_The problem_
Starting at the line that contains "Naaalis na Pagpapanumbalik", return every line through the end of the data exactly, without pictures.

_Supplied information_
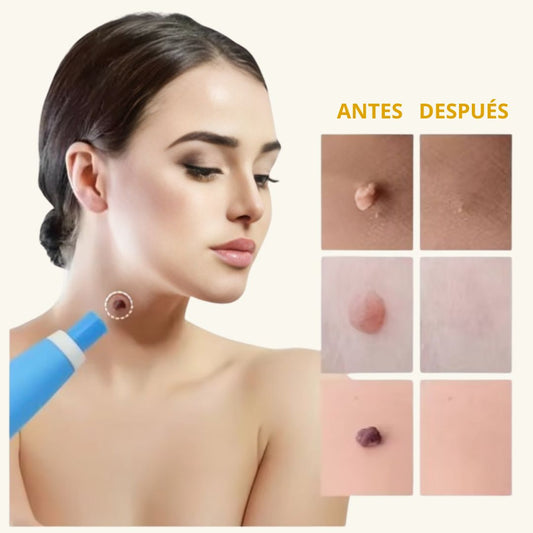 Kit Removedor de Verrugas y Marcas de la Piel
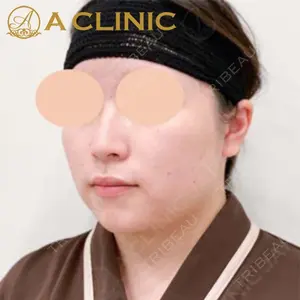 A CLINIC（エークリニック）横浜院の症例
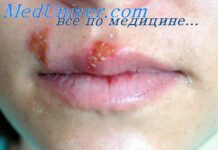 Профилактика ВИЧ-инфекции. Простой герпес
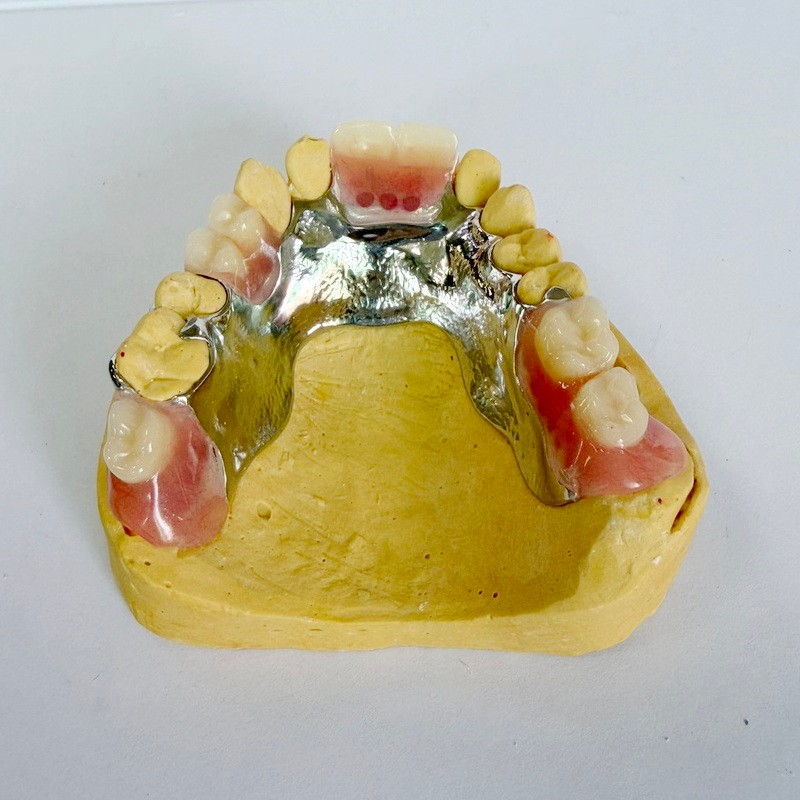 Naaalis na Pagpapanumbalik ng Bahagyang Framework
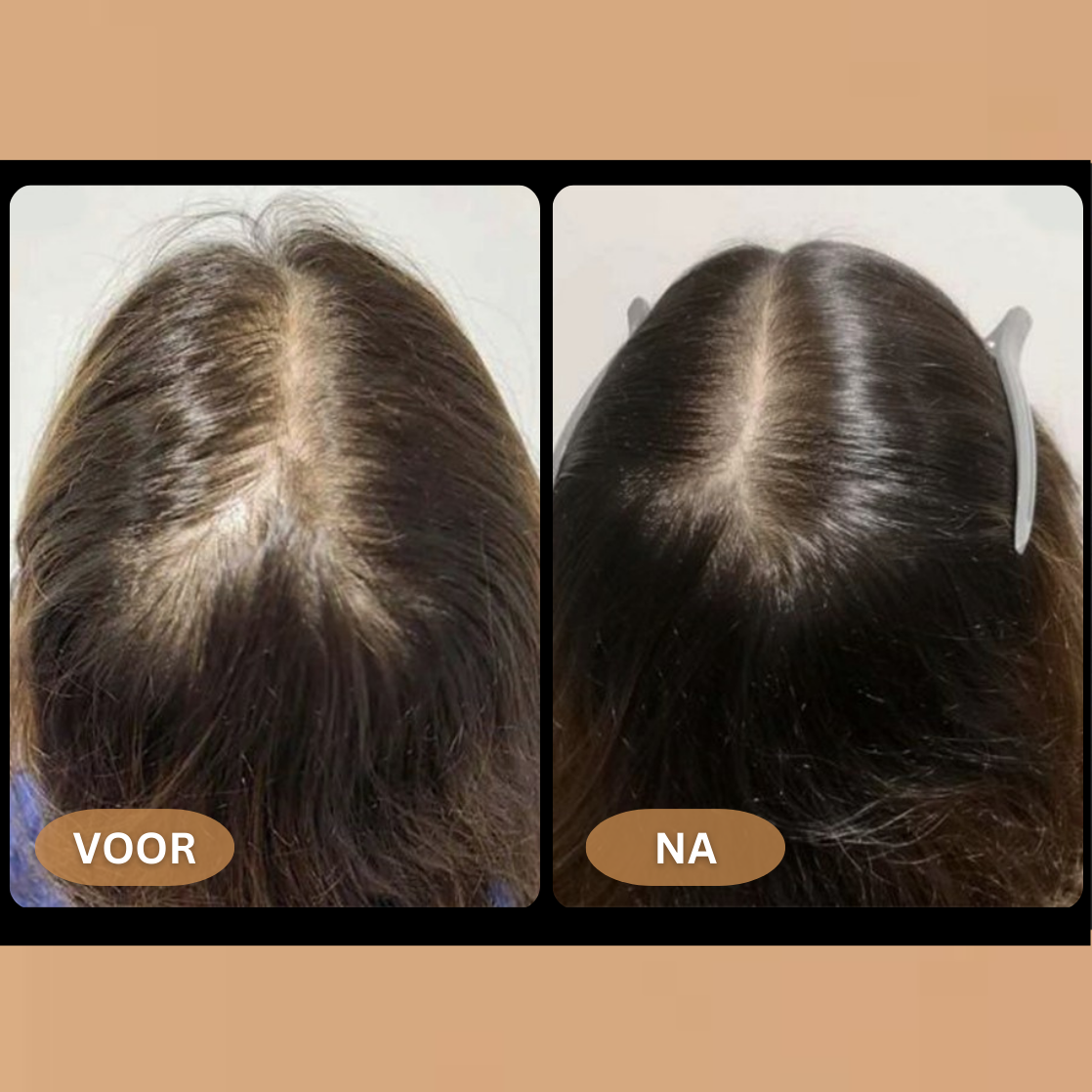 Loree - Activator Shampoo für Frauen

_Problem solution_
 Naaalis na Pagpapanumbalik ng Bahagyang Framework
 Loree - Activator Shampoo für Frauen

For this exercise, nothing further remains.